Prison-garbed duo admit misleading investors
Wayne Leslie Douglas and Neal Medhurst Nicholls, already serving seven and a half year jail terms for fraud, plead guilty to misleading investors.
Wayne Leslie Douglas and Neal Medhurst Nicholls, already serving seven and a half year jail terms for fraud, plead guilty to misleading investors.
Two jailed Capital + Merchant Finance directors pleaded guilty to misleading investors at Auckland High Court this morning.
Wayne Leslie Douglas and Neal Medhurst Nicholls, who are already serving seven and a half year jail terms for fraud, appeared before Justice Patricia Courtney.
Wearing prison garb – jandals, shorts and track pants – they pleaded guilty to five charges between them of signing prospectuses which contained false statements between December 2006 and December 2007.
The misleading statements included information about Capital + Merchant's liquidity and cashflow, management of loans and related-party lending.
The charges, laid under the Securities Act, were brought by the Financial Markets Authority.
Nicholls pleaded guilty to two charges of making an untrue statement in a registered prospectus and one charge of distributing advertisements which included an untrue statement.

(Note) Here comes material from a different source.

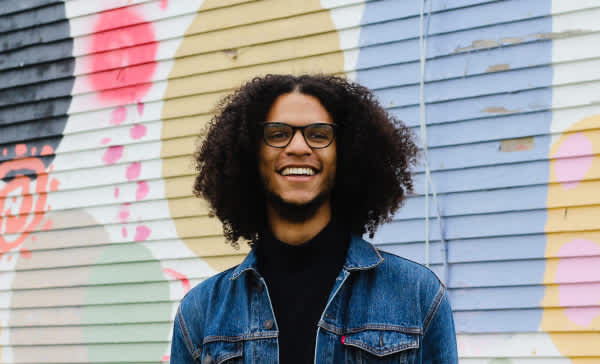 Jacob, a young man with curly brown hair and medium-brown skin, wearing black-rimmed glasses and a denim jacket over a black shirt. Behind him is a mural of colorful circles and shapes.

Douglas pleaded guilty to two pleaded guilty to one charge of making an untrue statement in a registered prospectus and one charge of distributing an advertisement which included an untrue statement.
Both were convicted on them all and remanded for sentencing for a date to be fixed.
Capital + Merchant's chief executive Owen Tallentire pleaded guilty to the charges last month. He will be sentenced on March 15.
Australia-based directors Robert Sutherland and Colin Ryan pleaded guilty to the charges earlier this month adn will be sentenced next month.
FMA head of enforcement Belinda Moffat says today's guilty pleas bring to a close FMA's criminal proceedings against five directors of Capital + Merchant Finance.
"All five directors have now pleaded guilty to the most serious charges we brought against them.
"These cases are important in the work we do to hold directors to account and to restore public confidence in our markets."
Nicholls and Douglas were found guilty of theft by a person in a special relationship at two related trials, brought by the Serious Fraud Office, in June and July last year, which have been described as one of the most complicated finance company trials. Read more about the trial here.
Their seven and a half year jail sentences are the longest sentences so far given to failed finance companies bosses.
Tallentire was also found guilty of two charges of theft and was sentenced to five years' jail.
The trio are now trying to overturn their conviction and jail sentences. The first attempt was thrown out by the Court of Appeal in before Christmas.
"Simply put, this is theft on a grand scale," the court said.
Douglas and Nicholls are now trying to take their appeal to the Supreme Court, which will hear their application for leave to appeal in April.
Capital+Merchant owed $167 million to about 7500 investors when it collapsed into receivership in 2007.
Recoveries are not expected.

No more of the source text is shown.